His Progressive Education Has Come Full Circle: Gabriel Kuriloff ’90
The student-centered, progressive education Gabriel Kuriloff enjoyed at The Miquon School laid a strong foundation for the career he has had and the position he now holds.
Kuriloff, who graduated from Miquon in 1990, is now the principal of Vaux Big Picture High School in the Sharswood section of North Philadelphia, one of the city’s poorest areas with one of its highest crime rates and lowest positive outcomes in high school graduation rates.
The original Vaux High School closed in 2013 and reopened, transformed, just last year, as part of a massive half-billion-dollar plan put in place by Philadelphia’s Housing Authority (PHA) to reinvigorate some of the neighborhoods struggling the most. The PHA and Philadelphia School District are working closely with Big Picture Learning Philadelphia, a subsidiary of the national education nonprofit, to lift and stabilize the struggling neighborhood.
Big Picture has a five-year contract with the school district to run the high school and tapped Kuriloff to lead it.
“The school is profoundly student-centered, and all learning is project-based around traditional subject areas,” Kuriloff explains. For example, as freshmen, students visit a wide range of professional sites around the city, talking to those who work there and learning from them. Based on their interests, students choose areas in which they will spend more time, so by the time they are sophomores, they will work two days a week with an onsite mentor and accomplish meaningful projects.
“This can be in horticulture, culinary arts, health care, architecture, and so much more,” he says. “It is a powerful and meaningful experience for both partners.”
Two of the school’s guiding principles sound as if they came straight from Miquon’s playbook: Students who are encouraged to follow their passions as they find meaningful places in the community and the insistence on strong, nurturing and mentoring student-teacher relationships.
This approach requires faculty and staff who are willing and able to meet the students where they are, understand them and hold them accountable without being reactionary or punitive and help them understand their choices and behaviors.
Kuriloff is committed to this approach and is well-versed in it with an educational background well-suited to his leadership.
“My Miquon education is incredibly relevant to the work I’m doing now and is such a good Progressive education story,” says Kuriloff, who continued his education after Miquon at Friends Select School in Philadelphia and then Brown University, where he interned with the Coalition of Essential Schools, the organization that helped sponsor Big Picture Learning.
“That school became a national network of Progressive schools. . . passion schools. . . totally student-passion driven,” he explains. “So, at Miquon, I was steeped in [educational] Progressivism, then went to a Progressive college and encountered the start-up school and now, 20 years later, I am the founding principal of a Big Picture high school.”
As Kuriloff recounts the fascinating circle of his life, he chuckles and explains that of all his accomplishments, it is his Miquon diploma that hangs in his office and reminds him of his roots.
“I share it with all my teachers,” he says. “I say, ‘This is what it means to have an honorable education and to be treated with honor and respect by your school.
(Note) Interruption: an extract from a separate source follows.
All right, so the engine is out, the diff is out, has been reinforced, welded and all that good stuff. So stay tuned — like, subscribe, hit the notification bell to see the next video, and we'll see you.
This is a diploma that is a true capture of your personhood and a statement of being known.’”
The fact that learning should be joyful and students respected as powerful individuals is just a given for Kuriloff, although he recognizes those beliefs can be lacking in traditional public schools.
Having fun while learning
Kuriloff shares a memory of a time at Miquon when he recognizes how he learned a wide range of skills by choosing an area of interest and building a project around it.
“We wanted to put on a pet show, and so to organize it required writing a plan, making lists, keeping records, event planning,” he says. “In real life, [humans] ‘take on a project’ and there will be all kinds of skills involved in it. All subject matter is inherently integrated, and we should approach it that way.”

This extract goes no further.